Router(config-if)#ip address 192.168.2.1 255.255.255.0
Router(config-if)#ip nat inside
Router(config-if)#exit
Router(config)#interface Ethernet0/0
Router(config-if)#ip address 172.16.1.5 255.255.255.252
Router(config-if)#ip nat outside
Router(config-if)#exit
Router(config)#end
Router#

Discussion

In this example, the router will rewrite that address of all of the internal devices whose IP addresses are in the range 192.168.0.0/16. When these internal devices connect to devices on the outside of the network, they will all appear to have the same source address as the external interface of the router, 172.16.1.5.

This example actually includes two internal interfaces and one external. You designate the internal interfaces with the ip nat inside command.

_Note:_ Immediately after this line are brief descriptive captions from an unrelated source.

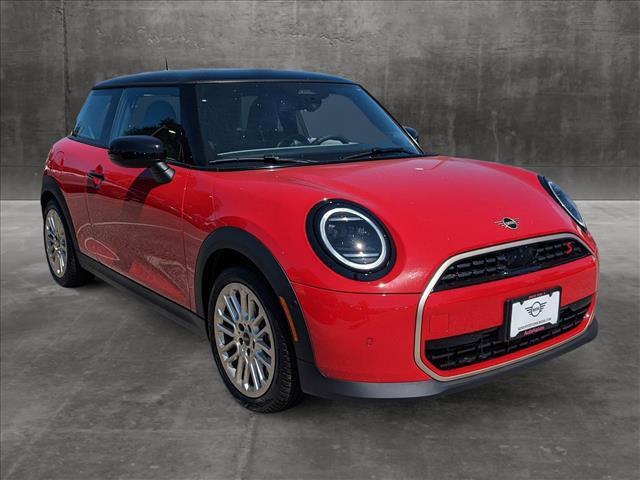 new 2025 MINI Hardtop car, priced at $36,595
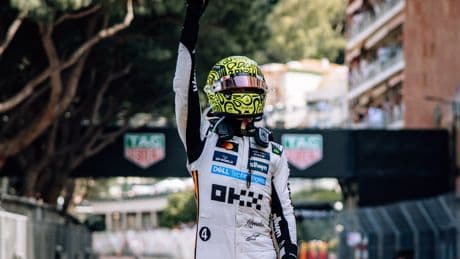 Norris acorta la distancia con Piastri: así queda la clasificación de la F1 tras el GP de Mónaco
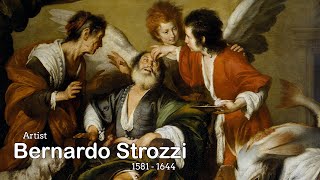 Artist Bernardo Strozzi (1581 - 1644) | Italian Baroque Painter & Engraver | WAA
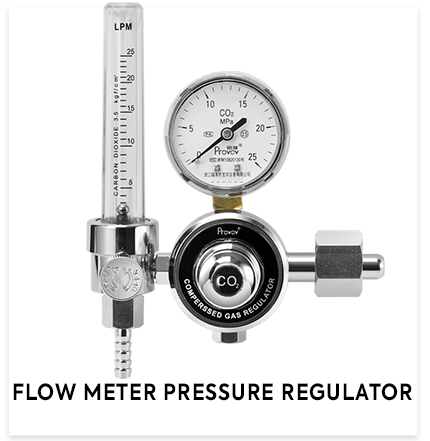 FLOW METER PRESSURE REGULATOR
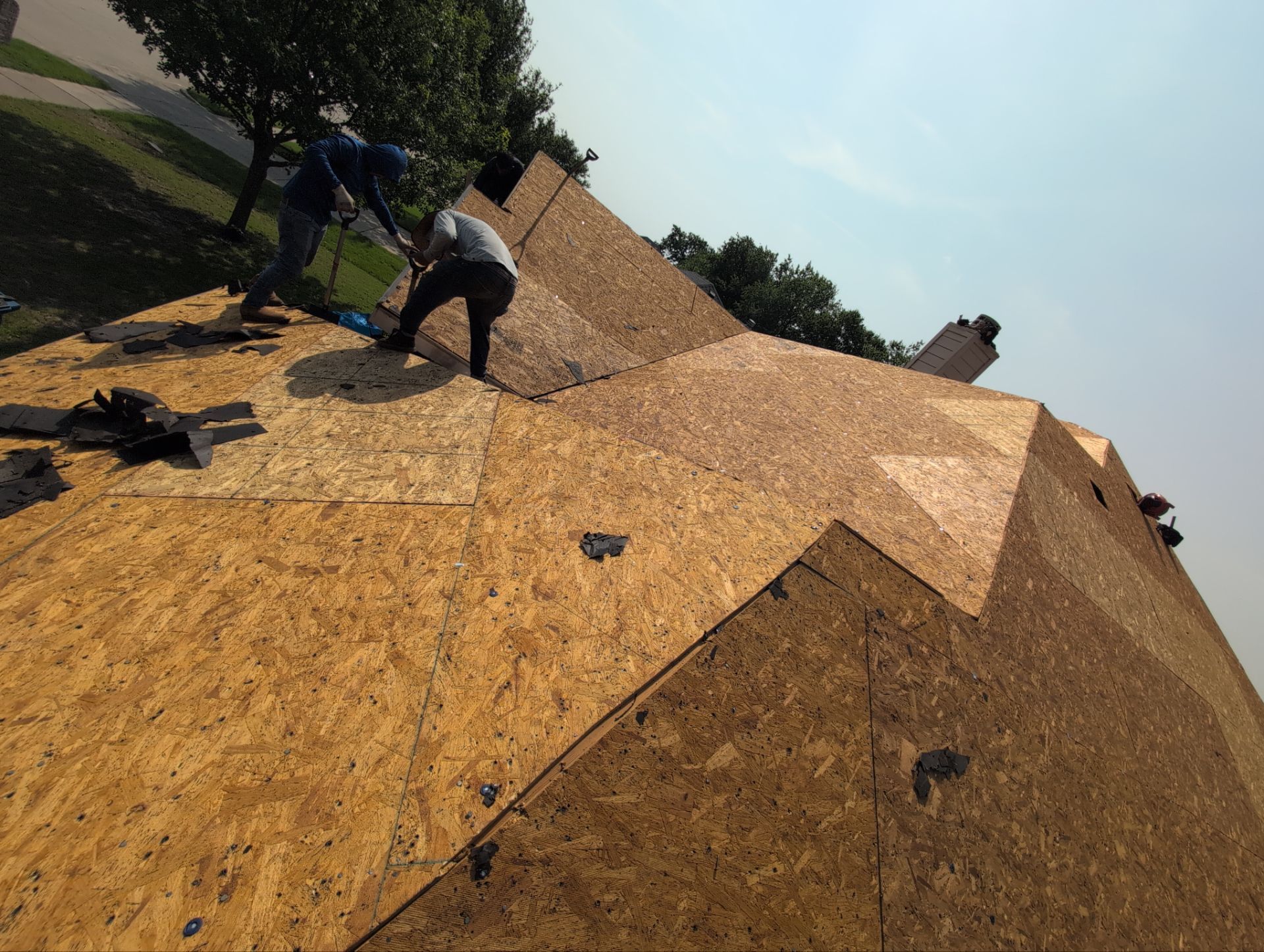 Project in Wylie by Rhino Roofing and General Contracting, LLC
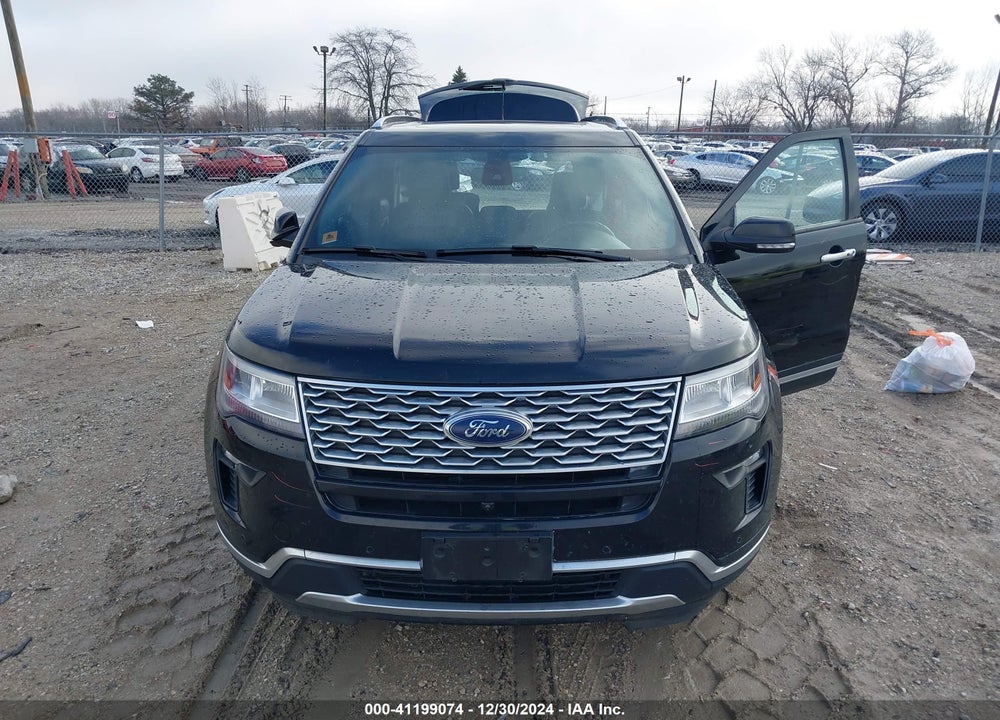 2018 FORD EXPLORER VIN: 1FM5K8HTXJGB48657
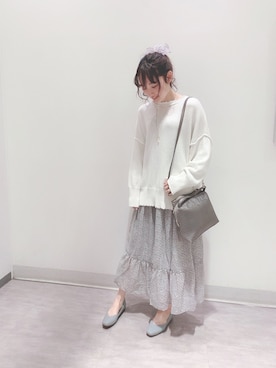 chikaさん（レディース・160cm）の春コーディネート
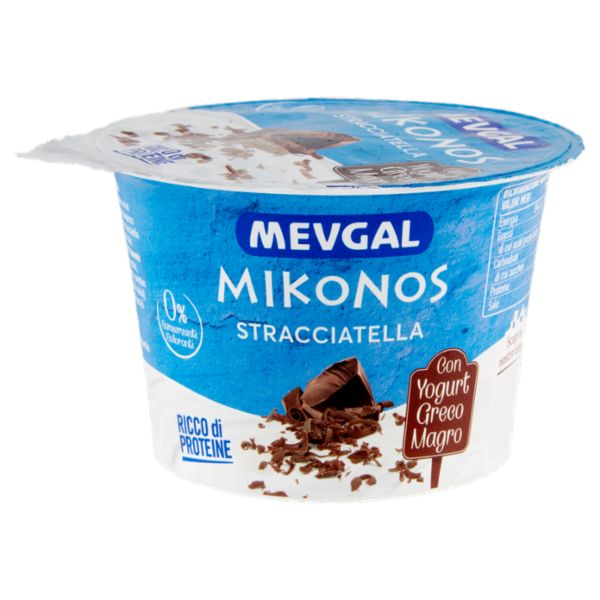 Mevgal Mikonos Stracciatella 150 g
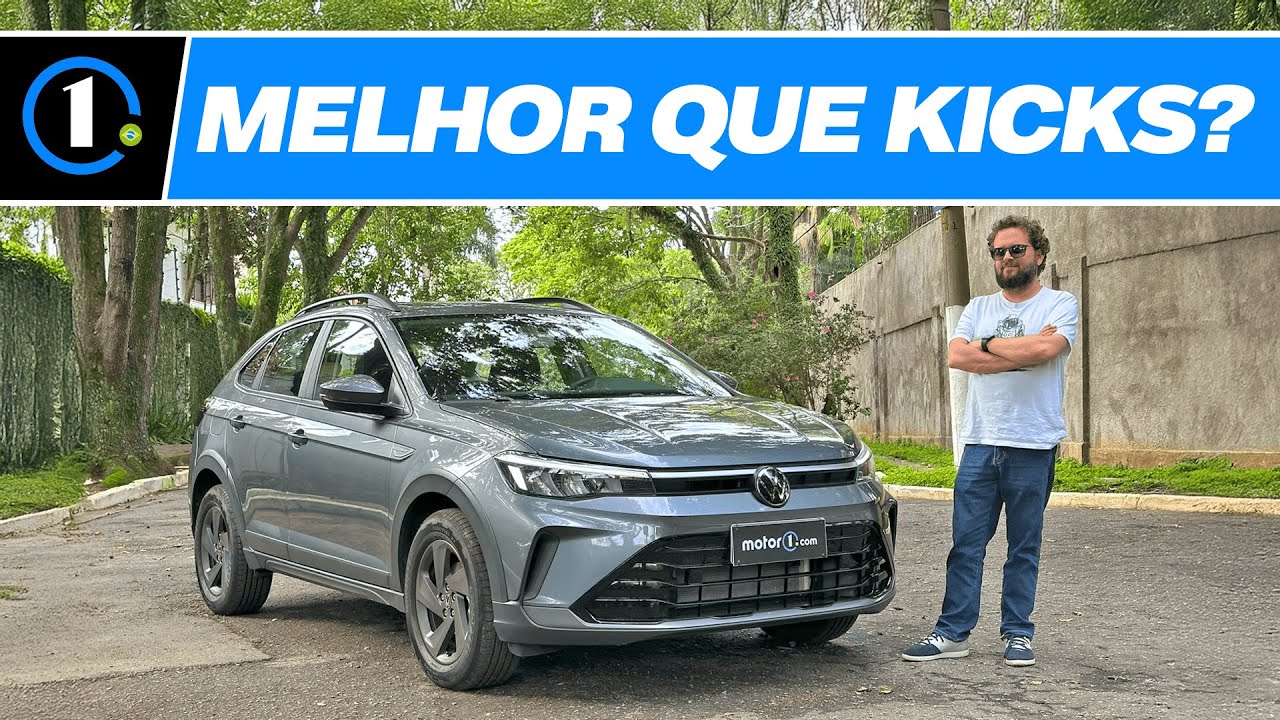 Volkswagen Nivus Comfortline 2025 - &Eacute; MELHOR QUE NISSAN KICKS?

You can have as many inside interfaces as you like:

Router(config)#interface FastEthernet0/1
Router(config-if)#ip nat inside

You also need to designate at least one outside interface using the command ip nat outside. There can be several outside interfaces, but this can be very difficult to control, so it is usually not recommended:

Router(config-if)#interface Ethernet0/0
Router(config-if)#ip nat outside

You configure the actual translation action with the line:

Router(config)#ip nat inside source list 15 interface FastEthernet0/0 overload

This tells the router to translate the source addresses of any internal devices that match access-list number 15. The router will translate the source addresses of all of these devices to the address that is configured on the interface FastEthernet0/0, which is the outside interface.

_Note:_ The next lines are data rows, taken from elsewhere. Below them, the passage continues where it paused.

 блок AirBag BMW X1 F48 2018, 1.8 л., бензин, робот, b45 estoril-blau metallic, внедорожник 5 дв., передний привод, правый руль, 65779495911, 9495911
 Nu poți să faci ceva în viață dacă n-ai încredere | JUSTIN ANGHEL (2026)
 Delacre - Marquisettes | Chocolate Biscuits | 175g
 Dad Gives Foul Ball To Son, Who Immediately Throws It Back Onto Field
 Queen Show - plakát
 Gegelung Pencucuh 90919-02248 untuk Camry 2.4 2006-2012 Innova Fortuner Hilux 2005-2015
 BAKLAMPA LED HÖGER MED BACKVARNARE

The overload keyword is actually assumed here, so if you leave it off, the router will automatically put it in. This option tells the router that many internal devices can use the same global address simultaneously. Since the router itself uses this address, if even a single internal address translates to this address, it is already overloaded. We will explain this option in more detail in Recipe 21.2.

To help explain what the access-list on this command does, we will change it so that it includes every address in the range except one:

Router(config)#access-list 15 deny 192.168.1.101
Router(config)#access-list 15 permit 192.168.0.0 0.0.255.255

Now if you make a connection from the excluded address, 192.168.1.101, the only difference is that the router will not rewrite this internal address. Instead, this address will appear unchanged on the outside.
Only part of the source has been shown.